Enfin les autorités françaises ont également
proposé d'augmenter les possibilités de conversion de dettes en
investissements pour les pays à revenu intermédiaire non
éligibles à des réductions de dettes. Aujourd'hui, 20 %
seulement des encours de dette peuvent être " rachetés "
par des investisseurs étrangers pour financer des projets
d'investissements. Ce seuil pourrait être porté de 40 à 45
% au bénéfice de pays comme le Maroc ou l'Egypte.
La France a toutefois posé deux conditions à la mise en oeuvre de
ces mesures. D'abord, la charge doit en être
équitablement
répartie
entre les pays riches en fonction de leurs revenus
respectifs (il ne serait pas juste en effet que l'effort pèse davantage
sur la France -0,45 % du PIB consacré à l'aide publique- que sur
les Etats -0,12 % du PIB pour l'aide au développement).

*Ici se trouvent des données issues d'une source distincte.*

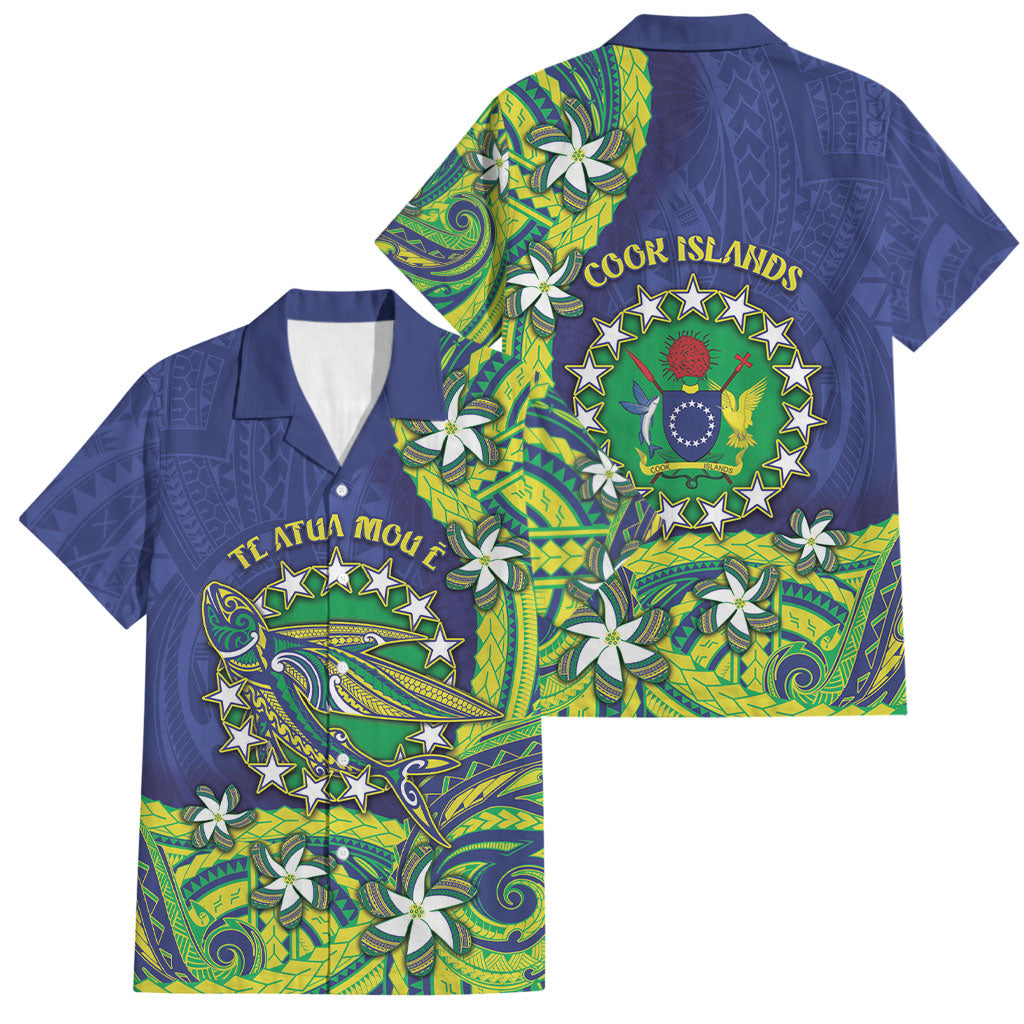 Cook Islands Language Week Family Matching Puletasi and Hawaiian Shirt Flying Fish 15 Stars Tribal Patterns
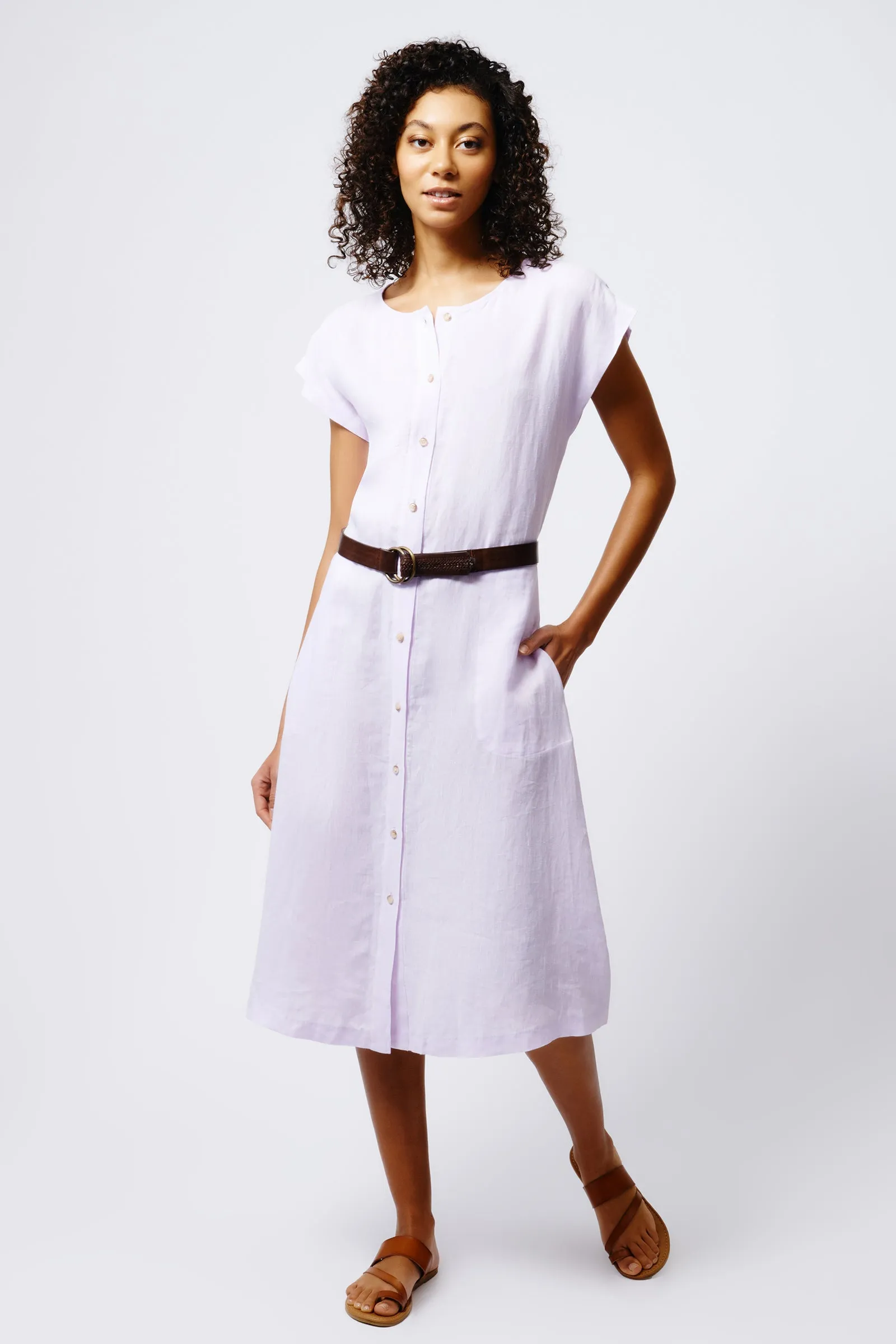 Harlow Cap Sleeve Dress - Lavender Linen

En outre, les pays bénéficiaires doivent se montrer exemplaires
en matière de gestion économique et sociale et les marges de
manoeuvre ainsi dégagées doivent être employées aux
dépenses de développement.
Les mesures adoptées par le sommet de Cologne du 18 juin dernier
apparaissent cependant en retrait par rapport à ces propositions.

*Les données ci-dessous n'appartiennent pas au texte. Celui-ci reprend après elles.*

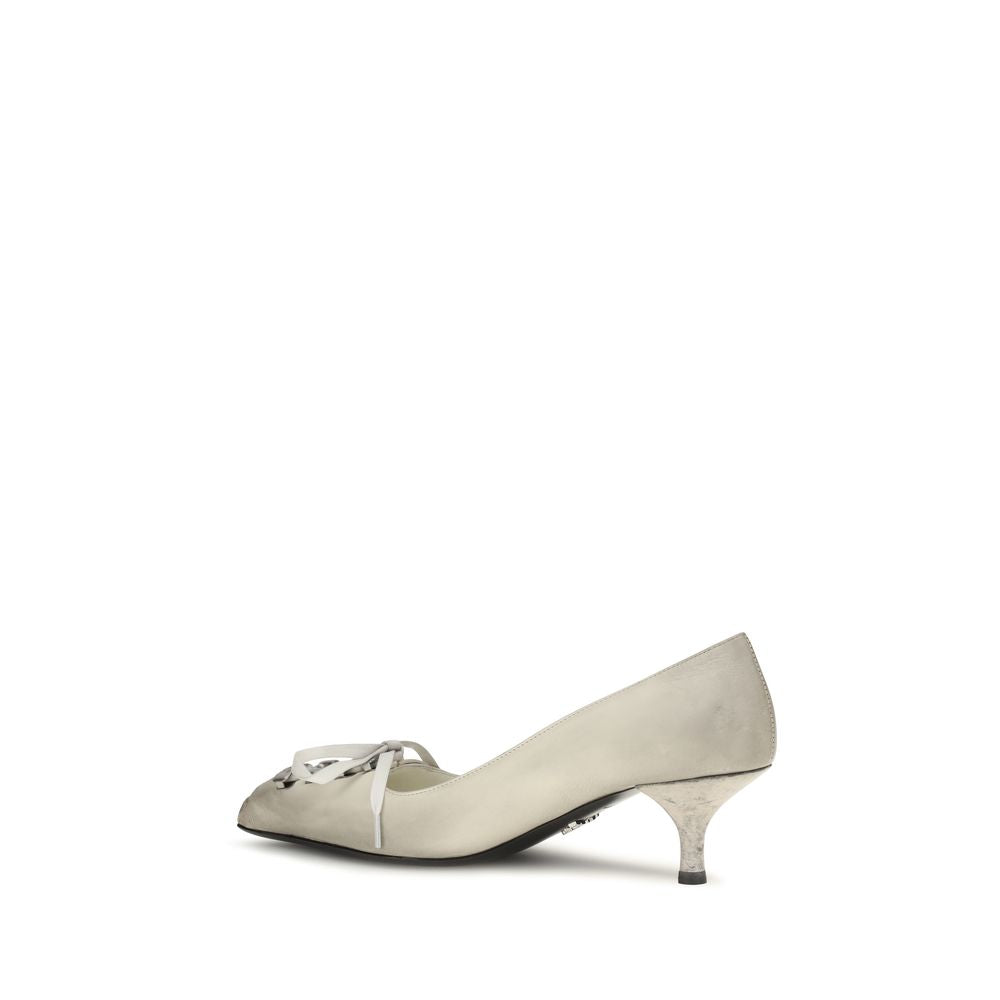 Prada White Calf Leather Pumps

Certes, l' " initiative de Cologne " a prévu une annulation de
65 milliards de dollars de dettes pour les pays les plus pauvres et l'extension
de critères d'éligibilité à dix nouveaux
pays
2(
*
)
en sus des 41
déjà concernés. En effet, la dette totale de chacun des
bénéficiaires devrait représenter plus de 150 % de leurs
recettes d'exportation contre 200 % à 250 % requis jusqu'alors par l'
" initiative de Lyon ".
L'application de ces mesures peut cependant revêtir un caractère
paradoxal.
Ainsi, si Haïti n'est pas suffisamment endettée pour
bénéficier des mesures d'allégement de dette, la
Côte d'Ivoire, en revanche, dont la dette (12,5 milliards de dollars -9,5
milliards au titre de l'aide publique au développement) correspond
à 274 % des recettes d'exportation, pourrait bénéficier
d'un allégement annuel de 480 millions de dollars, soit 10 % de son PIB.
Le coût total du dispositif pour la France a été
évalué à quelque 40 milliards de francs.